Listen.. all I know is what I hear and see.. The largest majority of my extended family is either involved in construction or farming. They've had TWO building permits issued this month in the neighboring town of around 40K, which is about 90% LOWER than last year. And the construction that is occurring is being done at literally NO PROFIT on the part of the contractors. They're doing it because it's better than unemployment.

The local GM dealership is also having a very tough time of it. People are just fixing their current vehicles rather than going into debt to buy a new one.

Now if you think nearly 10% unemployment represents "potential demand" then I guess I need to see the economics book your drawing your thoughts from. Maybe it's from some European source where they all think that 10-20% unemployment is normal...

seekingalpha.com

And Fed Reserves, or money available to be lent to borrowers is NOT DEMAND. And sure.. there is a lot of cash on the sidelines, but I would dare say it's not owned by those who are currently, or expected to be, unemployed. That's money waiting to be lent out for higher yield, not money waiting to be spent on consumer goods by the broadest segment of our society. Those people are shopping at Walmart and Target, or the Dollar stores because they need to pinch every penny they can.

Btw, if you don't think we're in deflation, then you should share your opinion with Martin Weiss:

We witnessed one of the biggest collapses of all time in “open market paper” — mostly short-term credit provided to finance mortgages, auto loans, and other businesses. Instead of growing as it had in almost every prior quarter in history, it collapsed at the annual rate of $662.5 billion. (See line 2.)

Banks lending went into the toilet. Even in the fourth quarter, when the meltdown struck, banks were still growing their loan portfolios at an annual pace of $839.7 billion. But in the first quarter, they did far more than just cut back on new lending. They actually took in loan repayments (or called in existing loans) at a much faster pace than they extended new ones! They literally pulled out of the credit markets at the astonishing pace of $856.4 billion per year, their biggest cutback of all time (line 7).
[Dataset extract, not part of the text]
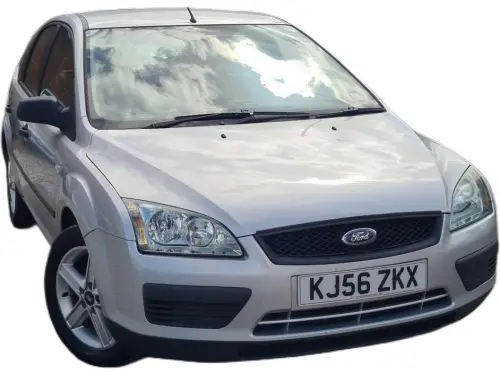 Ford Focus KJ56 ZKX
Meanwhile, nonbank lenders (line 8) pulled out at the annual rate of $468 billion, also the worst on record.

Mortgage lenders (line 9) pulled out for a third straight month. (Their worst on record was in the prior quarter.)

And consumers (line 10) were shoved out of the market for credit at the annual pace of $90.7 billion, the worst on record.
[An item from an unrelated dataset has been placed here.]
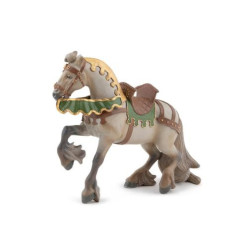 Figura Cavalo Do Robin Hood - Papo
The ONLY major player still borrowing money in big amounts was the United States Treasury Department (line 3), sopping up $1,442.8 billion of the credit available — and leaving LESS than nothing for the private sector as a whole.

moneyandmarkets.com

See that? The US government pledged our future tax revenues to repaying debt borrowed from private banks. Why? Because there few, if any PRIVATE BORROWERS willing to take out loans on assets that are at risk of DEPRECIATING and offer minimal to no ROI. That's 1.4 TRILLION in private lending that has not occurred because of lack of either lack of demand, or inability to qualify for, credit. So the banks lend to the Treasury, who then deploys the money the way it sees fit.

And if the government doesn't deploy that capital in a manner in which it increase US productivity and competitiveness, then it's just money that our children will have to pay back down the road.

And you want to know one of the major factors, IMO, that prevents private lending? The destruction of the financial surety and insurance sector. AIG, MBIA, ABK, RDN, AGO,.. etc..

Thus, I am finding myself more and more in Mish's camp on deflation:

2.bp.blogspot.com

Hyperinflation, or even strong inflation predictions in the near term look rather silly in the face of this data unless one is only looking at the printing and not the destruction in credit.....

....Think consumers are about to go on a spending spree after a massive $13.87 trillion collapse in net worth? Think banks are going to start lending with this employment picture and household debt? I don't and boomer demographics makes the situation even worse. Don't forget the bleak employment picture. There is no source of jobs.

Those who get hyperinflation out of this picture must be reading the playbook in Bizarro World because it sure is not the playbook here.